The dark underbelly of Detroit offers a sinister backdrop to Nora’s search for truth, and a stark contrast to her Vancouver home. For a reader from a small remote country town, this setting was a huge eye-opener to me. With an industrial crisis hanging over the city, bringing high unemployment, drugs, violence, hopelessness and crime, Detroit seemed like a scary and joyless place to me. As soon as Nora starts digging into her father’s past, threatening to unearth some skeletons, she is attracting the attention of some very dangerous people, which sees her having to go on the run and fight for her life.

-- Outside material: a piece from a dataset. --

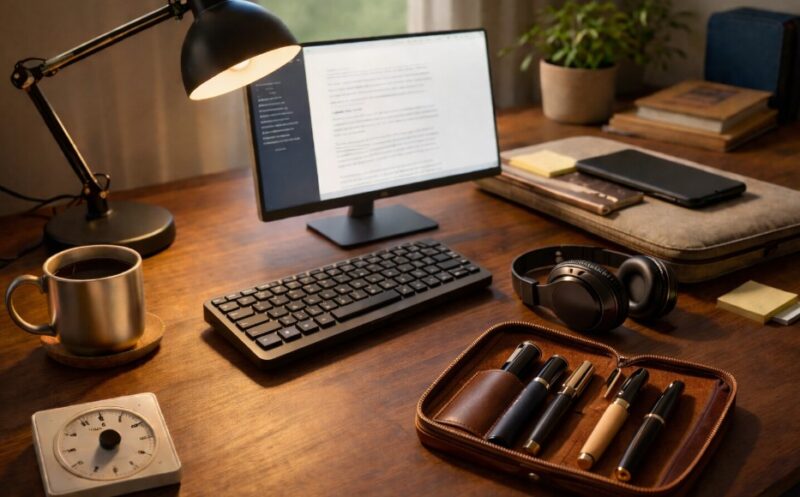 Modern writer’s workspace with a computer monitor, sleek mechanical keyboard, desk lamp, headphones, timer, coffee mug, and a leather pen case neatly arranged on a wooden desk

I was happy to see that Nora, despite her lost superpower, was still the brash, abrasive, badass character I had been so enamoured with in Kama’s first book. She also hasn’t lost her self-deprecating humour I had enjoyed so much. Whilst Nora does her best to keep everyone at arms’ length, including her readers, she is an irresistible protagonist. However, I felt that there was a link missing between Kamal’s first novel and this one, as the story makes a huge jump forward in time to a point where I felt that I had perhaps missed another book. Nora’s and Brazuca’s stories don’t tie together well in this one, and it all felt slightly disjointed to me. I also felt it more difficult to connect to the element of organised crime and gangland activity, which was so alien to me and did not have the same emotional pull as Nora’s first quest, of rescuing a child she had given up for adoption at birth. However, as Nora discovers some pieces of her parents’ past that put everything she has ever thought into doubt, I felt myself getting more intrigued.

Whilst I felt it a bit harder to connect to all the different characters in It All Falls Down than in Eyes Like Mine, and desperately missed Nora’s faithful companion Whisper, I still enjoyed this  plucky character and look forward to finding out more about her in the next book in the series. As a fair warning to readers, I feel that this book would not work well as a stand-alone novel and highly recommend reading the first book in the series before delving into this storyline. 

Thank you to Edelweiss and William Morrow for the free electronic copy of this novel and for giving me the opportunity to provide an honest review.